▶ What to do: From the first line of the listing below to the line with "Instead of just", print each line exactly, and nothing more. Leave out the pictures.

▶ Available data:
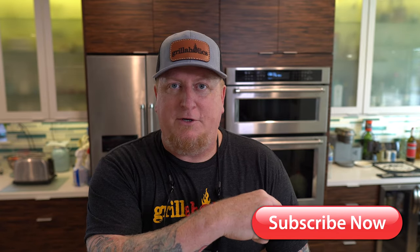Before I hook you up, folks, how about hooking us up — hitting that little subscription button down here in the right corner, and that little bell. Turn that sucker on so you know when we're uploading more videos.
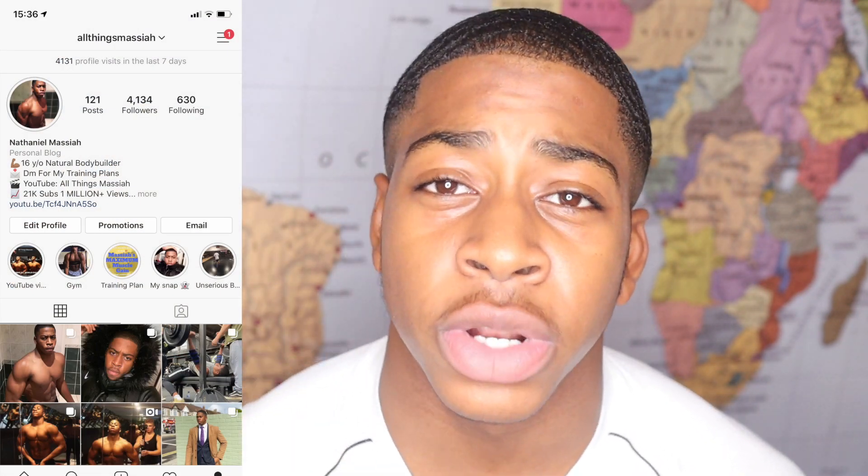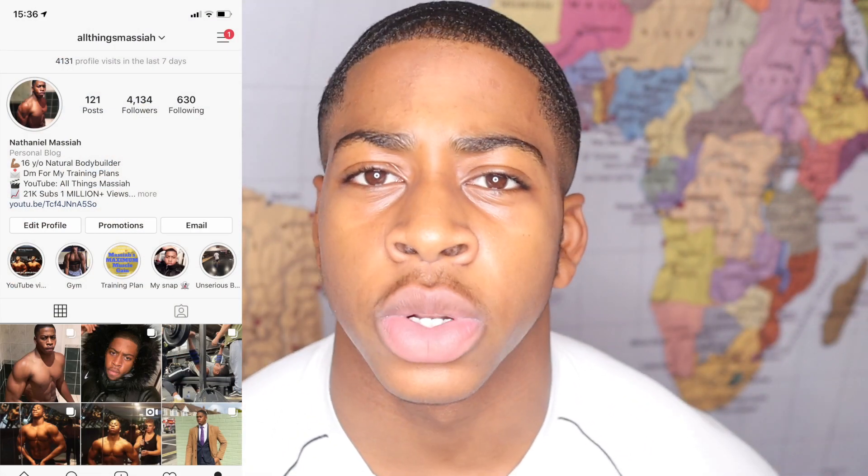Instead of just posting pure fitness videos, I've dedicated this next academic year to posting more and more GCSE videos so that you guys can do as well as you possibly can in your upcoming exams. If you want to stay tuned and see all those videos, make sure you subscribe. Also, my Instagram to YouTube ratio is abysmal — I've got 4,000 on Instagram and like 20-something thousand on YouTube, so that can't go on.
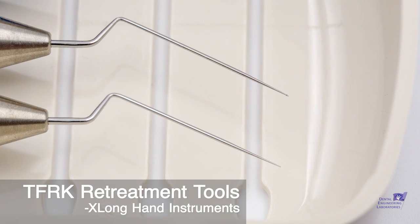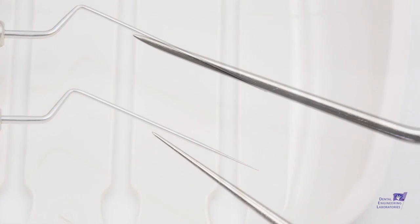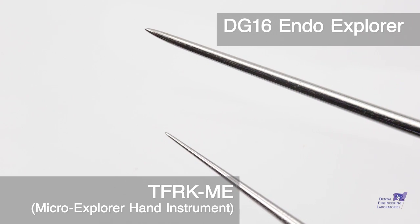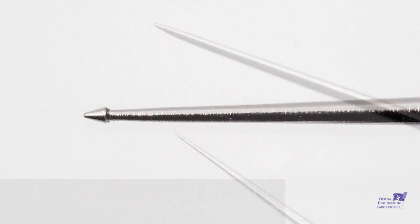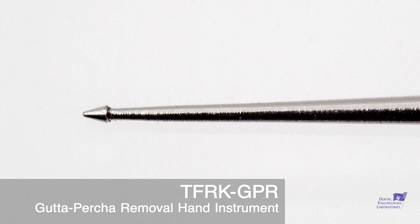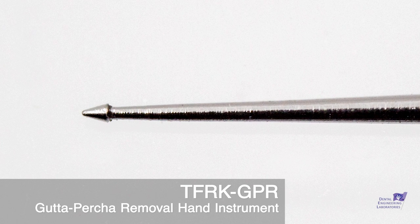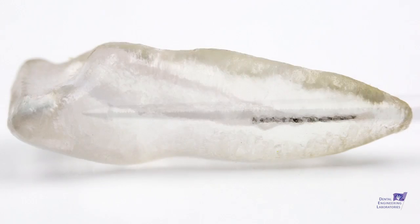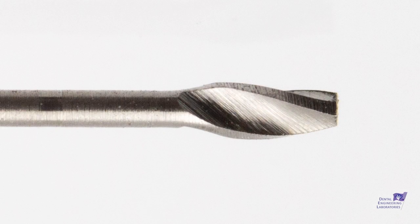Also in this underneath section are two hand instruments especially helpful for retreatments of all types. There is the ultra-fine explorer tip — these are very long tines that can go down to the cuspid. There's also a very cool gutta-percha remover that has an arrowhead on it, like a spearhead with a barb on the backside, that pulls gutta-percha out very effectively.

▶ Task result:
Before I hook you up, folks, how about hooking us up — hitting that little subscription button down here in the right corner, and that little bell. Turn that sucker on so you know when we're uploading more videos.
Instead of just posting pure fitness videos, I've dedicated this next academic year to posting more and more GCSE videos so that you guys can do as well as you possibly can in your upcoming exams. If you want to stay tuned and see all those videos, make sure you subscribe. Also, my Instagram to YouTube ratio is abysmal — I've got 4,000 on Instagram and like 20-something thousand on YouTube, so that can't go on.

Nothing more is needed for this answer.